Superfamilies and multi-domains identified are the SrmB which contain the II DNA and RNA helicase involved in replication, repair and recombination.

Provisional domains isolated are PRK11192 domain recommended as an ATP-dependent RNA helicase SrmB, PTZ00424 which was reported to be part of the helicase and PLN00206 classified as a DEAD-box ATP-dependent RNA helicase. The DECH_helic helicase had no specific function or association mentioned.

A hypothetical protein Y032_0043g788 present in Ancylostoma ceylanicum genome, was seen to be present on position 4335(start) to 4335 (end) in the Oscheius nematodes most inbred line genome.

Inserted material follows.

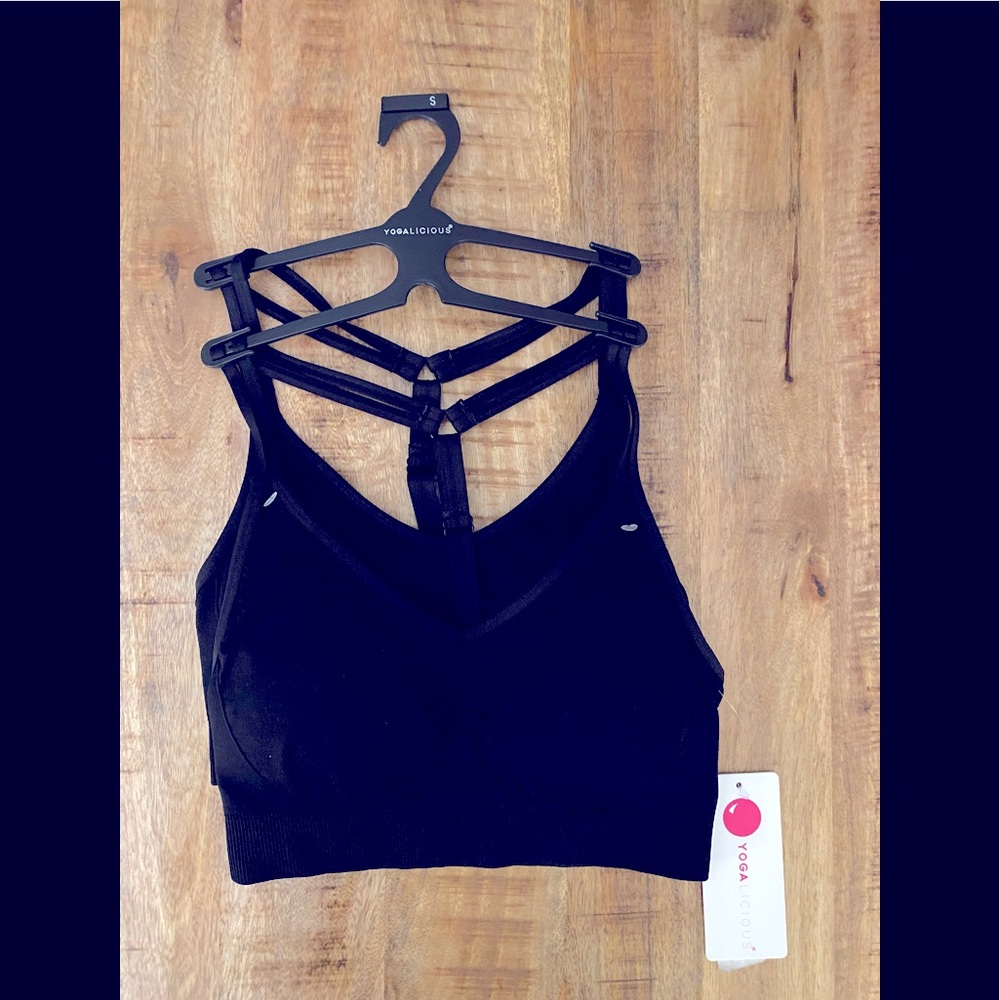 Yogalicious 2 PACK NWT black Sports Lounge Yoga Bra size medium NEW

Fig. 26 NAD(P) binding domain of glutamate dehydrogenase, subgroup 1 linked with a hypothetical protein Y032_0043g788 seen in 13 of Oscheius sp. TEL-2014

NCBI Conserved Protein Domain has provided information about the amino acid dehydrogenase (DH) is an extensively dispersed family of enzymes that play a role in the catalysis the oxidative deamination of an amino acid to its keto acid and ammonia with concomitant reduction of NADP+.

ELFV_dehydrog_N is one of the specific hits simply described as a dimerization domain and also known as Glutamate/Leucine/Phenylalanine/Valine dehydrogenase. The NAD(P) binding site was found.

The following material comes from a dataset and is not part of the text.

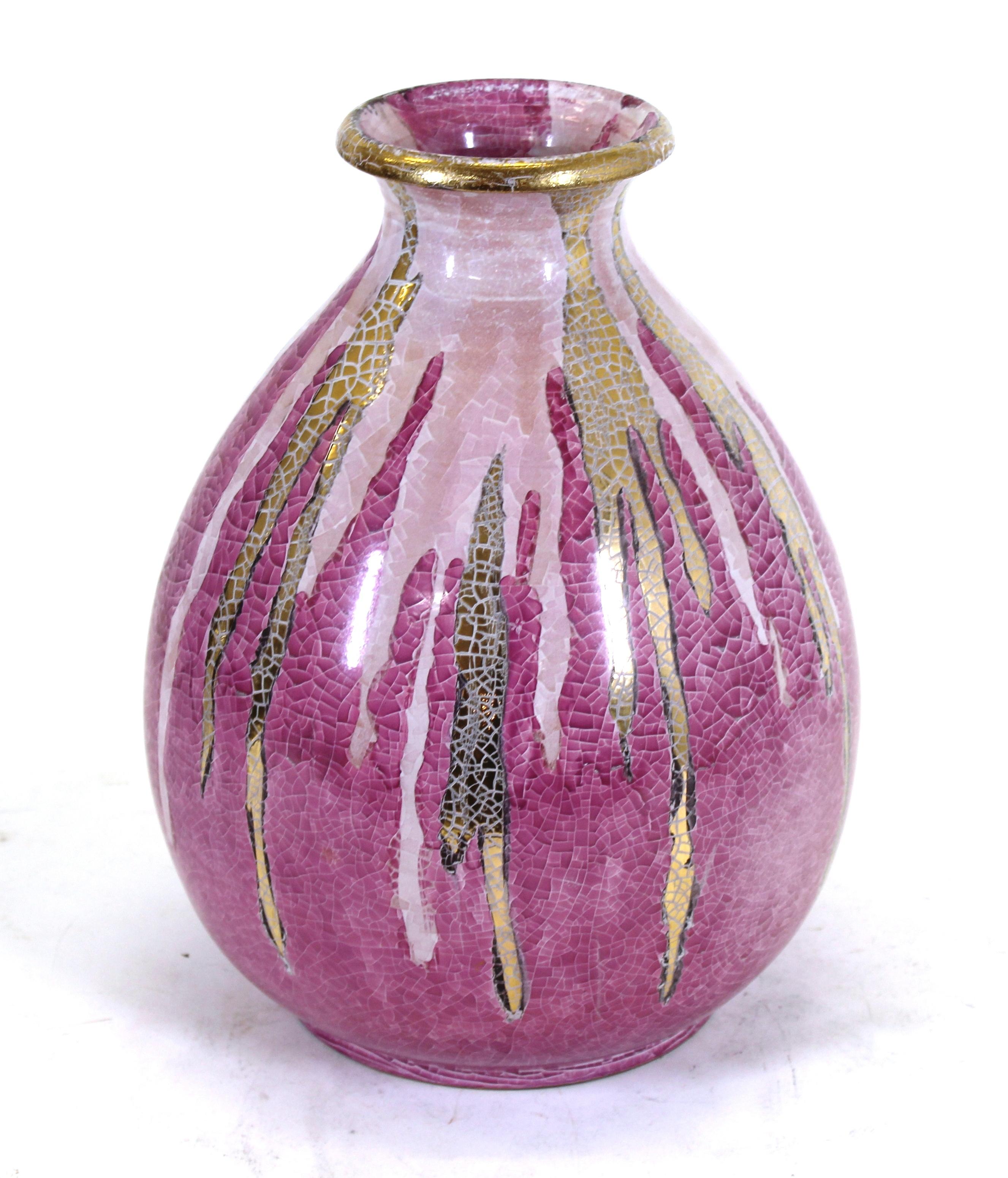 Italian Mid-Century Modern Pink Craquelure Glaze & Gold Décor Vase In Good Condition For Sale In New York, NY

The ELFV_dehydrog Glu/Leu/Phe/Val dehydrogenase categorised under superfamilies along with NADB_Rossmann.

Multidomains such as Glutamate dehydrogenase/leucine dehydrogenase (GdhA) have been implicated in amino acid transport and metabolism. PLN02477 which is glutamate dehydrogenase was also identified and ELFV_dehydrog, a Glutamate/Leucine/Phenylalanine/Valine dehydrogenase.

Provisional multidoamins such as PTZ00079, a NADP-specific glutamate dehydrogenase and PRK14030, glutamate dehydrogenase were found.

Fig. 27 Zinc-finger domains in 13 of Oscheius sp. TEL-2014

Zinc-finger domains were identified and are involved in gene expression, cell-adhesion and protein folding. The predicted zinc finger protein 271-like is present in Acyrthosiphon pisum genome. This protein is found on position 2196 (start) to 2196 (end) based on the ggf file report provided by Augustus.

A hypothetical protein Y032_0004g2073 found in Ancylostoma ceylanicum (Eukaryota; Metazoa; Ecdysozoa; Nematoda; Chromadorea; Rhabditida) was also identified in line 7 of

Oscheius sp. TEL-2014

Fig. 28 Trehalase (EC: is recognized as an enzyme that recycles trehalose to glucose. Trehalose is a biological trademark of heat-shock response in yeast and thus and protects it against a variety of stresses.

The eLRR (extracellular Leucine-Rich Repeat) isolated from Caenorhabditis elegans was identified and found in line 7 of Oscheius sp. TEL-2014

Fig. 29 Leucine rich repeat domains are often seen to have a function in stabilisation protein structures

A hypothetical protein CAEBREN_28360 found in Caenorhabditis brenneri genome was also identified. This protein may be further hypothesised to be involved in nematodes chemotaxis and behaviour.

Fig. 30 Neurotransmitter-gated ion-channel ligand binding domain in line 7 of Oscheius sp. TEL-2014. It has been reported that members of the LIC family of ionotropic neurotransmitter receptors are found only in vertebrate and invertebrate animals.